«Il mio pensiero va al santo Nerses il Grazioso, che può essere considerato il pioniere dell’ecumenismo»: così Leone XIV ieri, 18 maggio, in occasione della visita di Sua Santità Aram I, Catholicos di Cilicia, ha descritto Nerses Shnorhali (1102-1173) annunciandone l’inserimento nel Martirologio Romano. Un fatto, quest’ultimo, definito dal Papa «un ulteriore esempio di quell’“ecumenismo dei santi” che già unisce le nostre Chiese».

Catholicos di Armenia dal 1166 al 1173 — riferisce sul proprio sito il Dicastero per la promozione dell’unità dei cristiani — è riconosciuto e venerato dalla tradizione armena come uno dei suoi più grandi santi. Ricordato come pastore, teologo, poeta, compositore di inni, nonché come precursore dell’ecumenismo moderno, ricevette il titolo di “Shnorhali” dai suoi contemporanei per il carattere irenico dei suoi scritti. Durante il suo ministero come vescovo e catholicos, si adoperò per la riconciliazione tra le Chiese, specialmente tra la Chiesa armena e la Chiesa ortodossa bizantina. I suoi inni fanno parte della liturgia armena, sia apostolica sia cattolica, e numerose chiese sono dedicate a lui.

Sulla scia di san Gregorio di Narek, dei 21 martiri copti di Libia e di san Isacco di Ninive, l’inclusione di san Nerses il Grazioso nel Martirologio Romano dimostra — scrive il Dicastero — che la santità non si è fermata con le separazioni e che esiste al di là dei confini confessionali.

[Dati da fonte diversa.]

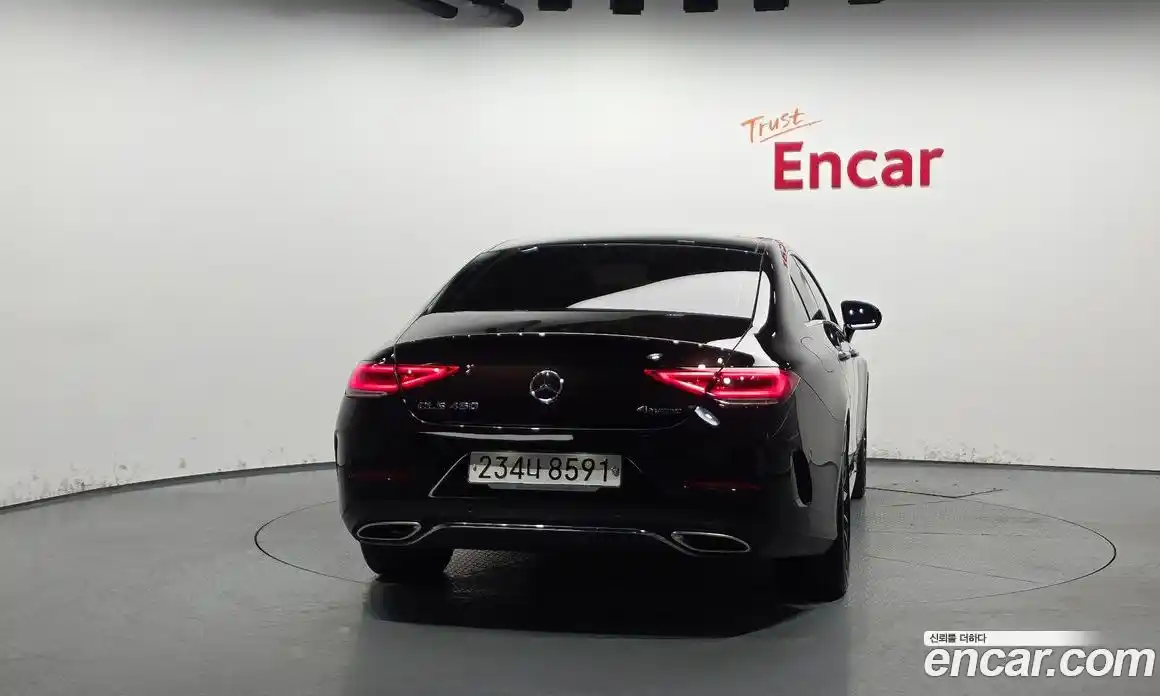 Mercedes-Benz CLS-Class 2019 3.0 Автомат в Москве № 220841, фото 12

Come ha dichiarato il Concilio Vaticano II, «riconoscere le ricchezze di Cristo e le opere virtuose nella vita degli altri, i quali rendono testimonianza a Cristo talora sino all’effusione del sangue, è cosa giusta e salutare» (Unitatis redintegratio, 4). San Giovanni Paolo II, da parte sua, ha dichiarato che «la communio sanctorum parla con voce più alta dei fattori di divisione» (Tertio millennio adveniente, 37) e che «in una visione teocentrica, noi cristiani abbiamo già un martirologio comune» (Ut unum sint, 84).

Il recente Sinodo sulla sinodalità ha ricordato che «l’esempio dei santi e testimoni della fede di altre Chiese e Comunioni cristiane è un dono che possiamo ricevere, inserendo la loro memoria nel nostro calendario liturgico» (Documento finale, 122). Da qui l’augurio del Dicastero per la promozione dell’unità dei cristiani che l’inserimento nel Martirologio Romano di Nerses Shnorhali, «testimone del prezioso patrimonio spirituale della tradizione armena, contribuirà alla riscoperta del suo insegnamento e all’unità di tutti i discepoli di Cristo».

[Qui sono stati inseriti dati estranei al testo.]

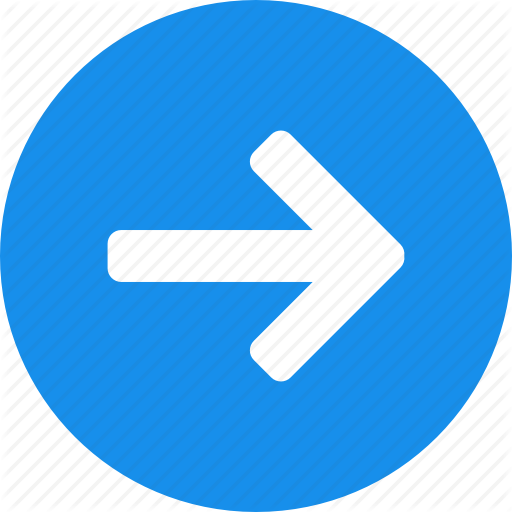 blue forward icon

Anche Aram I, nel suo discorso davanti al Papa, ha evidenziato il forte rapporto di collaborazione fra la Chiesa apostolica armena e la Chiesa cattolica nonché «i comuni sforzi ecumenici». E l’incontro di ieri, ha spiegato, «ci aiuterà a riaffermare il nostro comune impegno a proseguire sulla via dell’unità visibile della Chiesa».